Manage Large Scenes in 3ds Max

Figure 1: Housing development in 3ds Max

Scene sizes are growing and the demand to show more—and show it more realistically—evolves constantly. We are expected to push the limits, to reach an idea, into someone's imagination, and build it from scratch, one triangle at a time. We mold it, move it, animate it, analyze it, and push the very cores of our computers and its ability to process in order to create characters that topple buildings and toss tanks for big screens, create sustainable developments, help with advancements in technology, science, and more. The ability to manage scenes with these expectations can be the key to their success.

First, our duty is to utilize every bit of processing power, RAM, and space we have available to develop the best product possible. This starts with poly count for every single object we have placed in our scene, whether it's a blade of grass or a skyscraper. Simply put, the more polygons in a scene the more our computers have to process, resulting in higher render times and lag during workflow.  Fortunately 3ds Max® provides some tools to help reduce the poly count of objects in our scenes.  Shown in Figure 1 is a model with an exceptionally high poly count.

Figure 2: Gear system for watch—203,150 Polys; 134,967 Verts

Figure 3 below shows the same model after running 3ds Max's Optimize Modifier.

Figure 3: Gear system for watch—91,456 Polys; 79,120 Verts

As you can see there's little difference between the edge-free renders.

Using the modifier is simple: select the modifier and change the Face and Edge Thresh values.

Figure 4: 3ds Max Optimize Modifier

If you've already developed your scene and simply want to scan it for areas you can optimize, this is simple as well. Choose the Select by Name tool (number 1 in Figure 5) and add Faces to the columns available to sort by (number 2 in Figure 5).

Figure 5: 3ds Max Select by Scene tool

Second, keep in mind the distance from which your object appears.

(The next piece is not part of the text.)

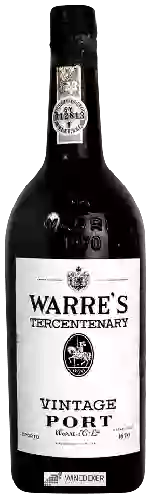 Wijnmakerij Warre's - Tercentenary Vintage Port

The farther the distance from your camera, the more likely it is that you can exclude particular details such as fillets, bevels, chamfers, or even entire faces since many of them may not be visible to the eye in the final product.

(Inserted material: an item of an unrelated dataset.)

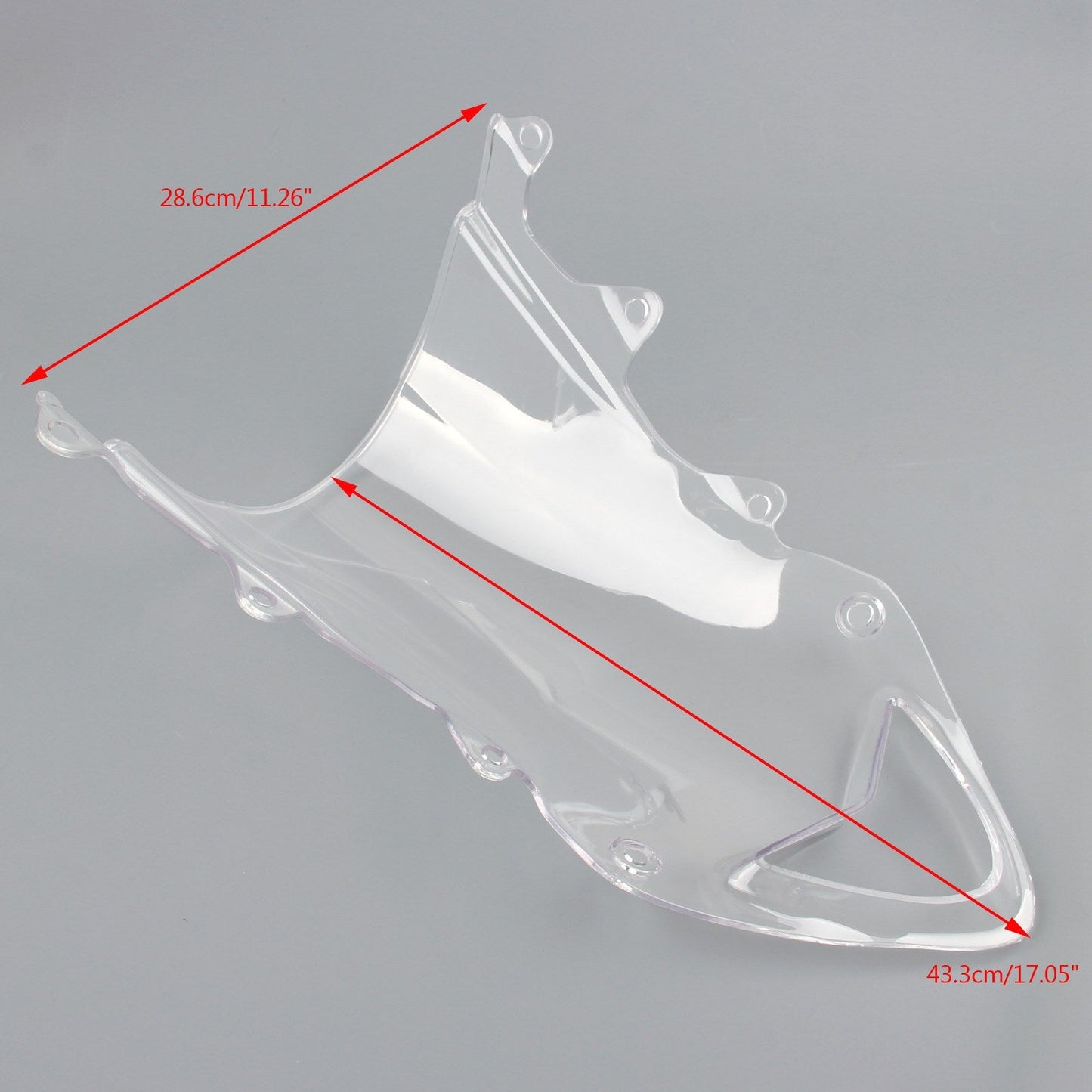 09-14 BMW S1000RR Windshield WindScreen Double Bubble Clear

Third, in order to effectively manage a complex scene it's necessary to use proxy objects. Proxy objects are low-poly representations of high-poly models in a scene, based on a single source file. These can be trees, blades of grass, cars, people, or whatever you decide.  They allow us to place hundreds of these objects using various tools such as linear or random arrays in a matter of a few minutes, while populating our scenes with only low-poly representations of what they actually are. This frees up memory, allowing us to work more quickly within our scene. When it comes time to produce the final result, the render will process the high-poly version to produce the best possible render.

Tip: when creating a model that will act as a proxy object, it's best to produce it in its own scene; using your larger (parent) scene can cause problems.

Figure 6: City scene with proxy trees

Fourth, use xrefs.  Xrefs allow us to build incredibly complex scenes by dividing them into multiple files. In high-production environments this is also helpful by allowing members of multiple teams to work on a specific scene. For example, when working on a large community development, one member can work on the streetscape while another works on the homes or traffic features.

Finally, planning for predetermined camera angles allows us to minimize poly count by focusing our attention on details seen in specific frames, allowing us to ignore or even delete objects that we wouldn’t see. Spend time setting up scenes early in the production process to avoid a lot of unnecessary work.